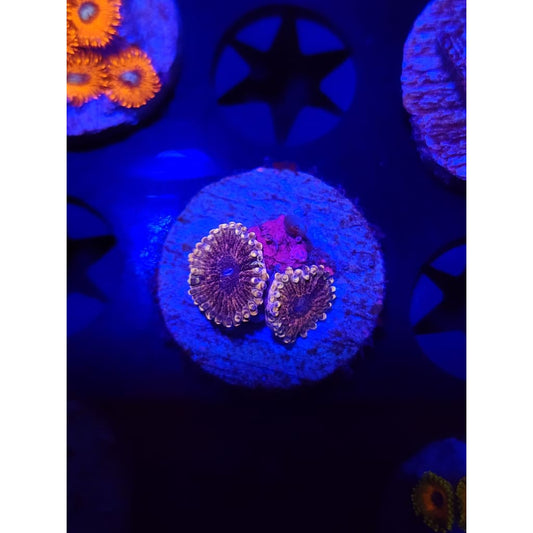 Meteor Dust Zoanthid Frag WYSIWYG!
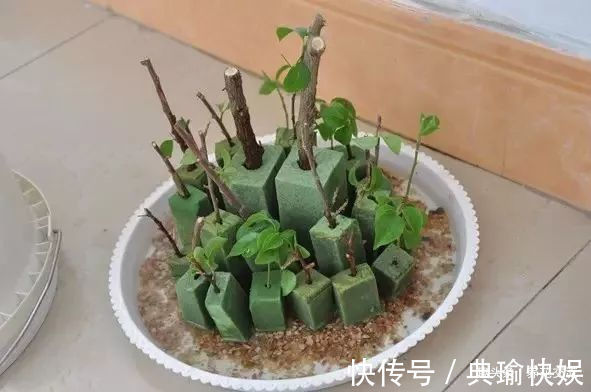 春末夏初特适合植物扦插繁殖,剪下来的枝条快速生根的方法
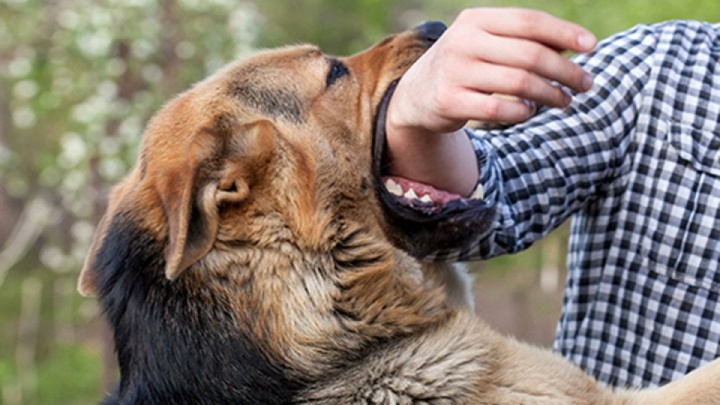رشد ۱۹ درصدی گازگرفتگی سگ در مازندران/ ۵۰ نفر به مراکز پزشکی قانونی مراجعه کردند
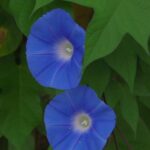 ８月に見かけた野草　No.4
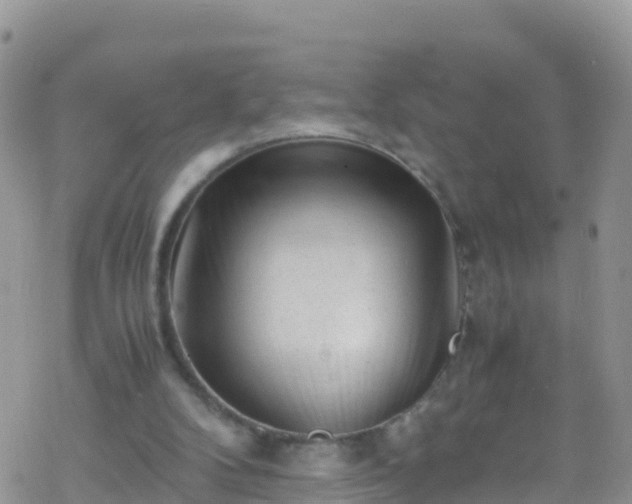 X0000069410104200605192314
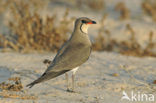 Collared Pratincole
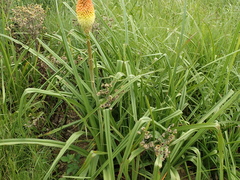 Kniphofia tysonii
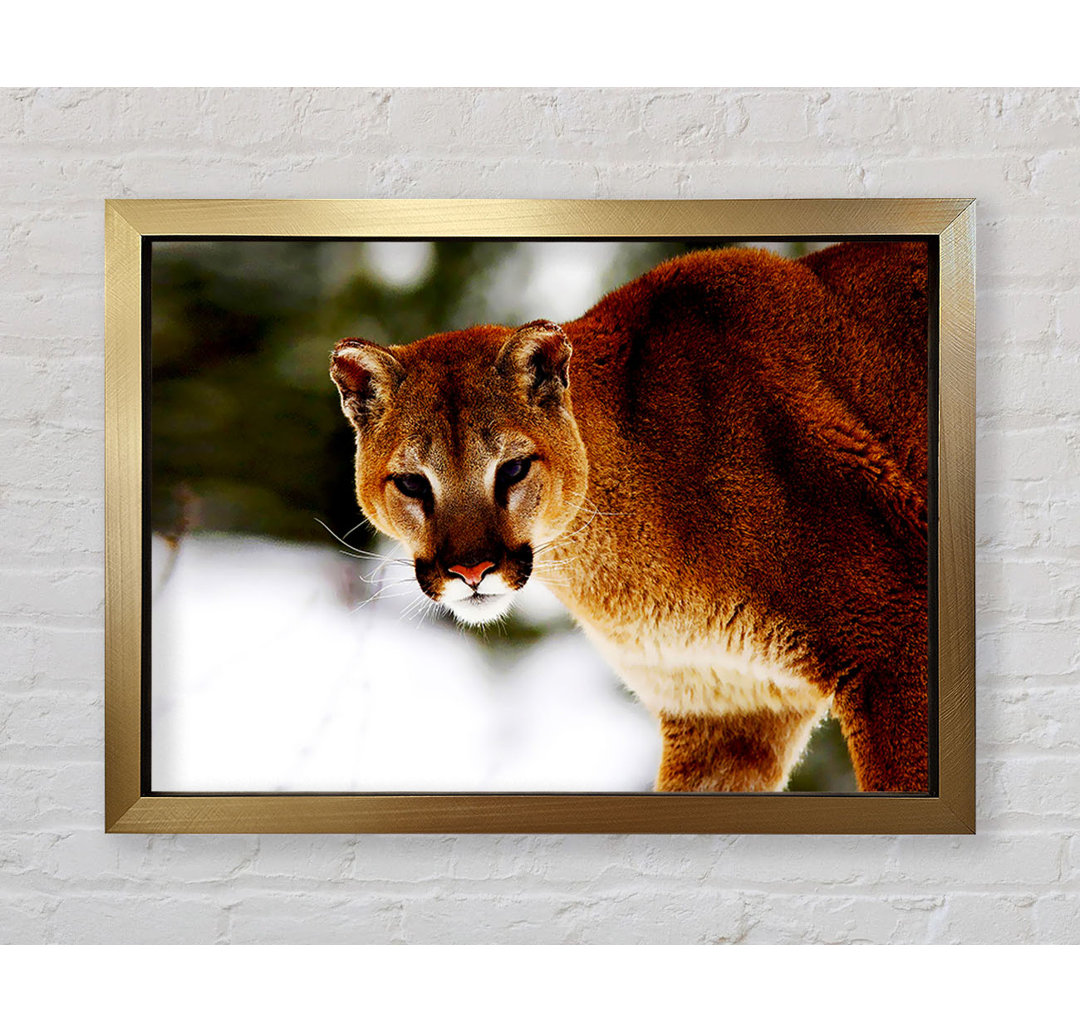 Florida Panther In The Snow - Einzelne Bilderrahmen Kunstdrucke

▸ Problem to work on: Although the material contains pictures, only the lines are to be written out, exactly as they stand.

▸ Answer to this exercise:
 Meteor Dust Zoanthid Frag WYSIWYG!
 春末夏初特适合植物扦插繁殖,剪下来的枝条快速生根的方法
رشد ۱۹ درصدی گازگرفتگی سگ در مازندران/ ۵۰ نفر به مراکز پزشکی قانونی مراجعه کردند
 ８月に見かけた野草　No.4
 X0000069410104200605192314
 Collared Pratincole
 Kniphofia tysonii
 Florida Panther In The Snow - Einzelne Bilderrahmen Kunstdrucke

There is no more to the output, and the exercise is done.